I added some salt but I think some of my smaller fish or even my FRT bit it earlier. I can see part of the intestine. YUCK


----------



## eternity302 (Apr 22, 2010)

O M G!! That makes me want to puke! Not a guy with a strong somatch... especially with a fish that's bigger than regular!
Quarantine him>?


----------



## JUICE (Jan 4, 2020)

also heater guards my friend !!


----------



## gmachine19 (Apr 21, 2010)

eternity302 said:


> O M G!! That makes me want to puke! Not a guy with a strong somatch... especially with a fish that's bigger than regular!
> Quarantine him>?


Yup.
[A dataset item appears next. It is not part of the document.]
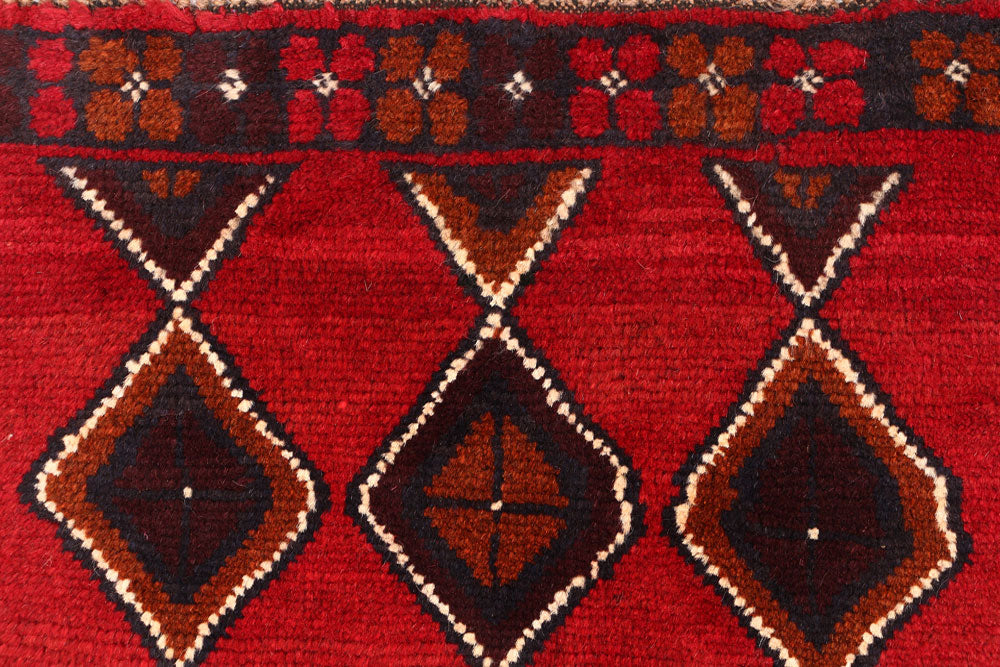 Red Baluchi 2' 5 x 7' 5 - No. 54819 - ALRUG Rug Store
He's on my QT right now



JUICE said:


> also heater guards my friend !!


Thought about that but I actually never had this problem b4


----------



## effox (Apr 21, 2010)

What a dumb fish... Hopefully he pulls through, even with an open belly wound :/

Good luck man, best wishes for your pet.


----------



## gmachine19 (Apr 21, 2010)

effox said:


> What a dumb fish... Hopefully he pulls through, even with an open belly wound :/
> 
> Good luck man, best wishes for your pet.


It's like he committed harakiri


----------



## effox (Apr 21, 2010)

gmachine19 said:


> It's like he committed harakiri


Did he shame his master?


----------



## gmachine19 (Apr 21, 2010)

Probably did. Only got me a couple of votes on charles' contest!


----------



## neven (May 15, 2010)

i lost a betta to a heater once, it got itself stuck between the heater and the glass during the night so i woke to a dead fishy


----------



## eternity302 (Apr 22, 2010)

gmachine19 said:


> Probably did. Only got me a couple of votes on charles' contest!


LOL!!!! He cursed u!


----------



## gmachine19 (Apr 21, 2010)

Woke up this morning and found out the pleco is dead. RIP pleco


----------



## Marius (Sep 22, 2010)

Sorry for your loss man. 


effox said:


> What a dumb fish... Hopefully he pulls through, even with an open belly wound :/
> 
> Good luck man, best wishes for your pet.


A pleco will look for the easiest and safest caves in the tank. He didn't learn about electricity yet. Heater guards as suggested will save one a lot of trouble and headache.


----------



## Diztrbd1 (Apr 21, 2010)

sorry to hear....RIP pleco


----------



## O.C.D Fishies (Apr 21, 2010)

Sorry to hear about that. You did what you though was best. Rip Pleco


----------



## effox (Apr 21, 2010)

Yeah, the last wound didn't sound like he'd pull through. Sorry to hear that buddy.


----------



## eternity302 (Apr 22, 2010)

Sigh... another RIP in a day! Sorry to hear that~


----------



## Morainy (Apr 21, 2010)

Very sorry for the loss of your pleco. That's rough.


----------